1348 büyük veba salgını  üç yılda nüfusun üçte bir oranında azalmasına yol açmıştır. XIV. yüzyılda İngiltere’nin etkisi azalmış, Kelt kültürü ve İrlandaca tekrar ön plana çıkmıştır. 1532 yılında İngiltere kralı’nın Protestanlığı kabul etmesi İrlanda’yı etkilemiş, ancak İrlandalıların çoğu Roma Katolik kilisesine bağlı kalmışlardır. 1536 yılından itibaren İngiltere yeniden İrlanda üzerinde hâkimiyetini arttırmıştır. İngiltere kralları Protestanlığı yaygınlaştırmak için  bu topraklarda yoğun çaba harcamışlardır. İngiliz ve İskoç Protestanları  İrlanda topraklarına yerleştirmişler. Bu kişiler daha sonra İrlanda aristokrasisini oluşturmuştur. 1641 yılında İrlandalı Katolikler ayaklanmış, yönetimi ele geçirmişlerdir. Ancak 1649 yılında İngiliz komutan  “Oliver Cromwell” Dublin’i almış, 1649-1653 yılları arasında İngiltere’nin İrlanda üzerinde hâkimiyetini yeniden kurmuş, ayaklanmalar sırasında İrlanda nüfusunun üçte biri ölmüş veya sürgüne gönderilmiştir. Katoliklerin bütün malları el konularak Protestanlara verilmiş,  Katoliklere karşı bir dizi “Ceza Yasası” çıkarılmıştır. 1688 yılında İrlanda İngiltere’de Katolik- Protestan krallık kavgasına taraf olmuş ancak bu durum İrlanda’da Katolikler ile Protestanlar arasında savaşa yol açmıştır. 1690 yılında yapılan “Boyne Savaşı’nı” kaybeden Katolikler büyük yenilgiye uğramışlardır.  1707 yılında İngiltere ile İskoçya’nın  birleşmesi sonucu “Büyük Britanya Krallığı” kurulmuş, İrlanda bu krallığın sömürgesi haline gelmiştir. XVIII. yüzyılda  bazı ayaklanmalar olmuş ancak bunlar bastırılmıştır.

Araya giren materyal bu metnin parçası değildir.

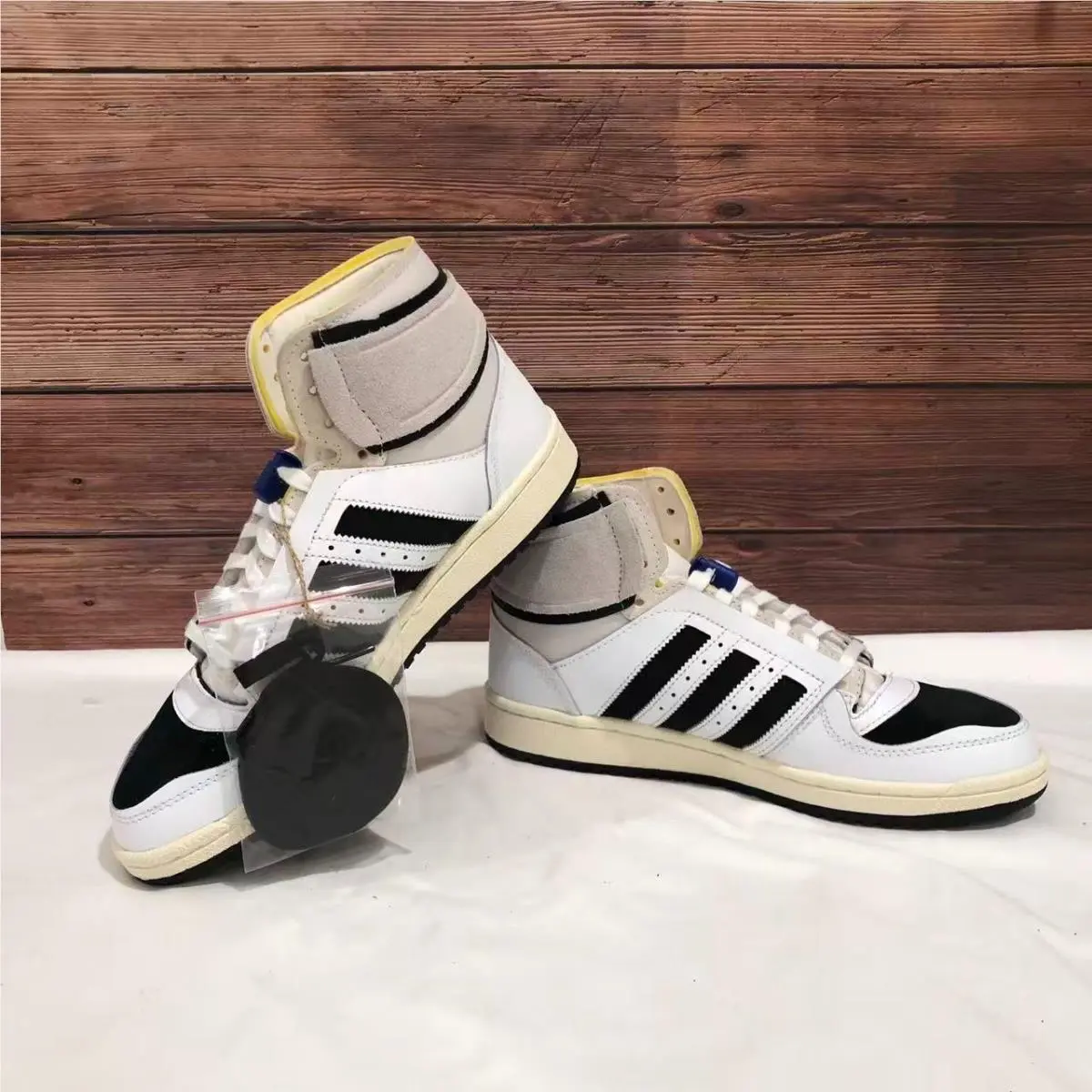 Adidas shoes - Q46255 - Q46255 - White 6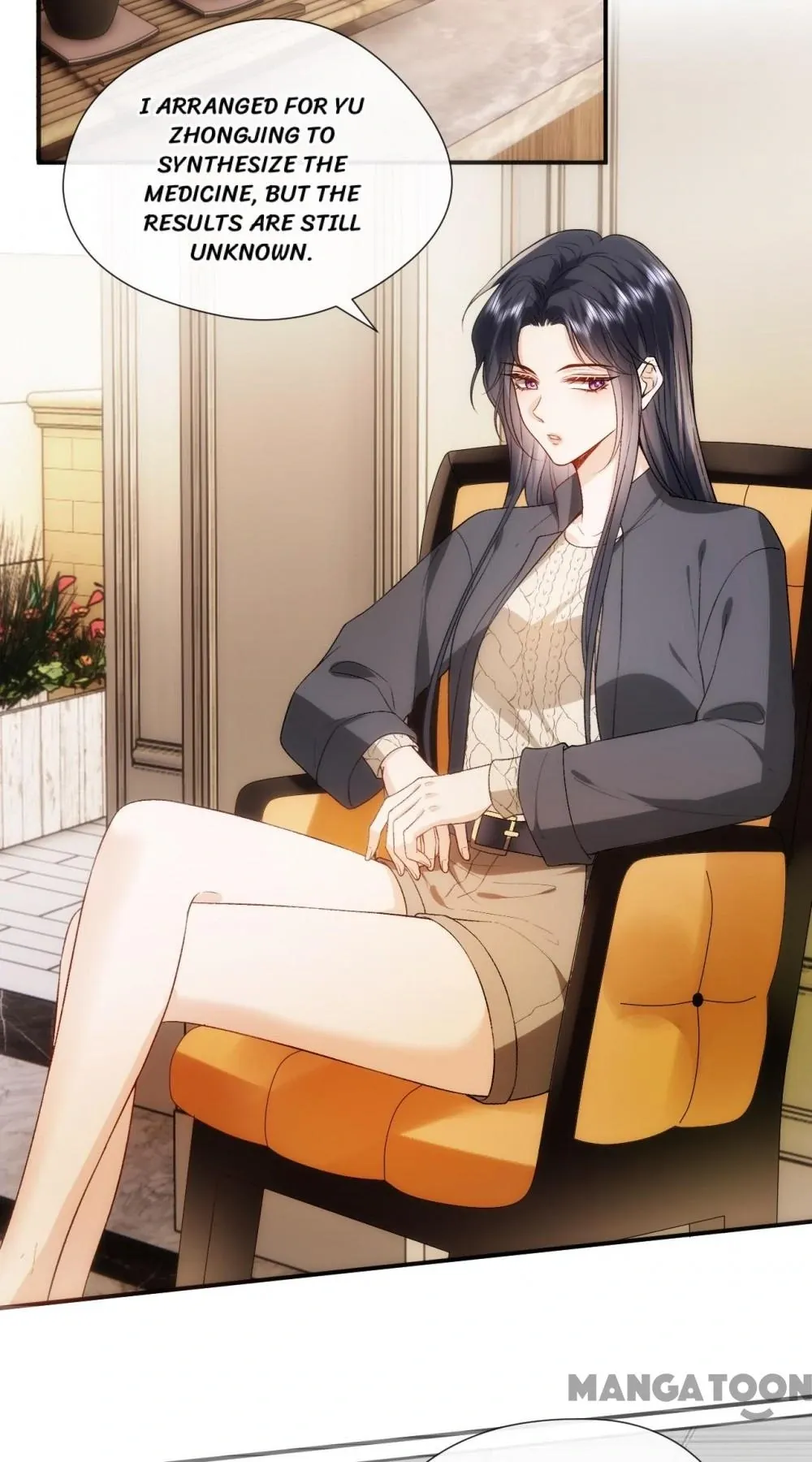 Madam and Her Daily Online Face-Slapping Chapter 128 Online - página 22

1801 yılında “Birleşme Yasası” ile “Büyük Britanya ve Birleşik Krallık” oluşturulmuştur. Bu birleşme ile  Dublin’in önemi azalmıştır. 1829 yılında “Daniel O’Connell” bir yasa ile İrlandalı  Katoliklerin bazı  haklara kavuşmasını sağlamıştır. 1845-1851 yılları arasındaki “Büyük Kıtlık” sonucu açlık, hastalık ve göç nedeniyle Dublin ve İrlanda nüfusu önemli ölçüde  azalmıştır. Kıtlık nedeniyle ABD ve diğer ülkelere büyük bir göç yaşanmıştır. 1858 yılında ABD’deki İrlandalılar Dublin’de gizli bir devrimci örgütün kurulmasında önemli rol oynamışlardır. Milliyetçilik hareketleri XIX ve XX. yüzyıllarda gelişerek devam etmiştir. 1905 yılında cumhuriyetçi hareket “Sinn Féin” oluşturulmuş ayrıca “Charles Steward Parnell” toprak reformu ve diğer konularda Birleşik Krallığa karşı büyük bir mücadele vermiştir.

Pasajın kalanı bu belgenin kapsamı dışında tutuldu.